_WHAT YOU NEED TO DO_. What you return must match the listing exactly, with every image removed.

_SUPPLIED DATA_.
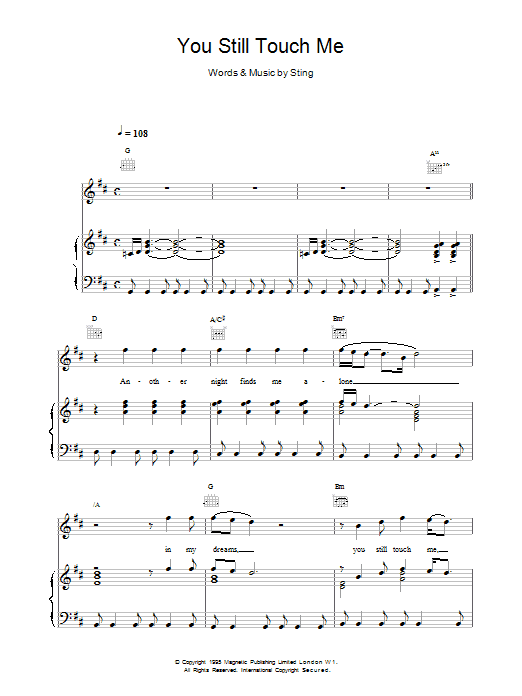 Sting You Still Touch Me sheet music notes and chords arranged for Guitar Chords/Lyrics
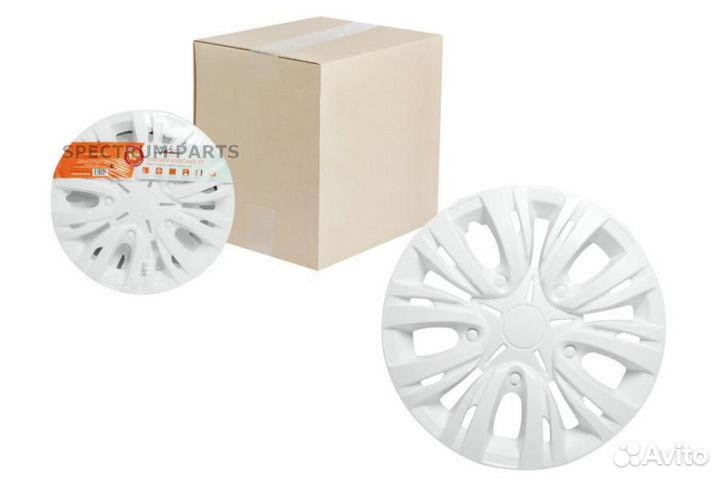 Колпаки колесные 14 Лион, белый, карбон, компл. 2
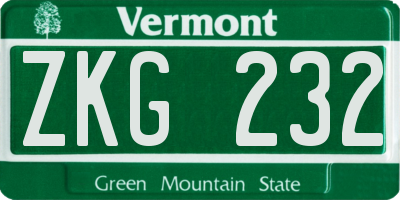 VT license plate ZKG232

_TASK RESPONSE_.
 Sting You Still Touch Me sheet music notes and chords arranged for Guitar Chords/Lyrics
 Колпаки колесные 14 Лион, белый, карбон, компл. 2
 VT license plate ZKG232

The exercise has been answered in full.